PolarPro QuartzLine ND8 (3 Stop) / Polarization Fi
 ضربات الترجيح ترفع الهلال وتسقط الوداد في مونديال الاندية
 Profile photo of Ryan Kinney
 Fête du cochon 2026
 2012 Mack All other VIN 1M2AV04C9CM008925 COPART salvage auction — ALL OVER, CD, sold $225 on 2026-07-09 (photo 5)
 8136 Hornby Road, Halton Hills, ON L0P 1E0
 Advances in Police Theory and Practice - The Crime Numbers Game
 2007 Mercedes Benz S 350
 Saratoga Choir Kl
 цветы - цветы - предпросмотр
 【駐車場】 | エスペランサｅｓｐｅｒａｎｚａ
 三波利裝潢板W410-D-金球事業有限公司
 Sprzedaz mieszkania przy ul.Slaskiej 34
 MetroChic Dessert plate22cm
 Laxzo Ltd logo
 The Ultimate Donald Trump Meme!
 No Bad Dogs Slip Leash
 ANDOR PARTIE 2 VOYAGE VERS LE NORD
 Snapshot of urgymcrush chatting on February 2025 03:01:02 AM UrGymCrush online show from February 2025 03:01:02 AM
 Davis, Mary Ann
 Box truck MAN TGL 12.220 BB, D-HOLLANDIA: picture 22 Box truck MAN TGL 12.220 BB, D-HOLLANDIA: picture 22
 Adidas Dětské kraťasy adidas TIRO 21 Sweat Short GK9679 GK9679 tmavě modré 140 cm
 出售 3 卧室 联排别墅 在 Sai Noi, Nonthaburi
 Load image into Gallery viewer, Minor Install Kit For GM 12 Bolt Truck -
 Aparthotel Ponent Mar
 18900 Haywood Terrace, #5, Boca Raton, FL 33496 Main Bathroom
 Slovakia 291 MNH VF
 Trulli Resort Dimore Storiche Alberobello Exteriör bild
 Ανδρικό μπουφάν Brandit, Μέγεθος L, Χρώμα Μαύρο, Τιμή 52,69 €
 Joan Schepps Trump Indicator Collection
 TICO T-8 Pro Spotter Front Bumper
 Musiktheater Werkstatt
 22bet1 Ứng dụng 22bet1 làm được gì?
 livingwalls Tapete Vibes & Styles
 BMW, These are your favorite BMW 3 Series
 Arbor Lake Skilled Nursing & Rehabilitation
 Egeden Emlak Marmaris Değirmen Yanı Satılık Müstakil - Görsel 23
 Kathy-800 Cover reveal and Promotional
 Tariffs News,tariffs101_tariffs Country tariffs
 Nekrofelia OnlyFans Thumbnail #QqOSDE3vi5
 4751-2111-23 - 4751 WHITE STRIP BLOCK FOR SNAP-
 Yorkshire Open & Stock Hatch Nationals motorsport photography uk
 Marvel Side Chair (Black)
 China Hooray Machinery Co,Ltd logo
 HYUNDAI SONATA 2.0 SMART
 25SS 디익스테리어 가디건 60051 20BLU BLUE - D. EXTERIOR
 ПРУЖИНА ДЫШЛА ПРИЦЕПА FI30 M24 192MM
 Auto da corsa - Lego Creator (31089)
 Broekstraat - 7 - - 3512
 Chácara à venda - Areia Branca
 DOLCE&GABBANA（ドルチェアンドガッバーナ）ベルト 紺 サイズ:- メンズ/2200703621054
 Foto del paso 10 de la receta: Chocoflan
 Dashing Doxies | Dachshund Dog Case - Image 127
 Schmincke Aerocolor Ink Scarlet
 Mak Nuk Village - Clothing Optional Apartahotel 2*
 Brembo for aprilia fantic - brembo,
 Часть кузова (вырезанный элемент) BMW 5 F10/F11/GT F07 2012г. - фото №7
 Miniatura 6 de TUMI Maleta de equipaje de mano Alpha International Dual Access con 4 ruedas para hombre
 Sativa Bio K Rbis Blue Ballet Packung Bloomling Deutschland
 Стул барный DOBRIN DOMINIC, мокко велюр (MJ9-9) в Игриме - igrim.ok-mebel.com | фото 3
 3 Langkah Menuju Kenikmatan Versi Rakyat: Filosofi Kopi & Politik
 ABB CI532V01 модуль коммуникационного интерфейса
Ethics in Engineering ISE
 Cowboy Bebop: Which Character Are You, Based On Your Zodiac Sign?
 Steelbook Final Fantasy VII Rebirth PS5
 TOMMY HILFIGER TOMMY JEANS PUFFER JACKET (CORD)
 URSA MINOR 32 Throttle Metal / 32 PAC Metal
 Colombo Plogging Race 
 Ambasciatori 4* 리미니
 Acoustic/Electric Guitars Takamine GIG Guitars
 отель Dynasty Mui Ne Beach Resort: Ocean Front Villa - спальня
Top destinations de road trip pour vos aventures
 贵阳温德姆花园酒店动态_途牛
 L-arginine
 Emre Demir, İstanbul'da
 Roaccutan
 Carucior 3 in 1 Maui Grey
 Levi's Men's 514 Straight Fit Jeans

▶ [The task]: Your answer consists solely of the lines from the top of the records above through the line that contains "Aparthotel Ponent Mar", each echoed exactly.

▶ [Response box]:
PolarPro QuartzLine ND8 (3 Stop) / Polarization Fi
 ضربات الترجيح ترفع الهلال وتسقط الوداد في مونديال الاندية
 Profile photo of Ryan Kinney
 Fête du cochon 2026
 2012 Mack All other VIN 1M2AV04C9CM008925 COPART salvage auction — ALL OVER, CD, sold $225 on 2026-07-09 (photo 5)
 8136 Hornby Road, Halton Hills, ON L0P 1E0
 Advances in Police Theory and Practice - The Crime Numbers Game
 2007 Mercedes Benz S 350
 Saratoga Choir Kl
 цветы - цветы - предпросмотр
 【駐車場】 | エスペランサｅｓｐｅｒａｎｚａ
 三波利裝潢板W410-D-金球事業有限公司
 Sprzedaz mieszkania przy ul.Slaskiej 34
 MetroChic Dessert plate22cm
 Laxzo Ltd logo
 The Ultimate Donald Trump Meme!
 No Bad Dogs Slip Leash
 ANDOR PARTIE 2 VOYAGE VERS LE NORD
 Snapshot of urgymcrush chatting on February 2025 03:01:02 AM UrGymCrush online show from February 2025 03:01:02 AM
 Davis, Mary Ann
 Box truck MAN TGL 12.220 BB, D-HOLLANDIA: picture 22 Box truck MAN TGL 12.220 BB, D-HOLLANDIA: picture 22
 Adidas Dětské kraťasy adidas TIRO 21 Sweat Short GK9679 GK9679 tmavě modré 140 cm
 出售 3 卧室 联排别墅 在 Sai Noi, Nonthaburi
 Load image into Gallery viewer, Minor Install Kit For GM 12 Bolt Truck -
 Aparthotel Ponent Mar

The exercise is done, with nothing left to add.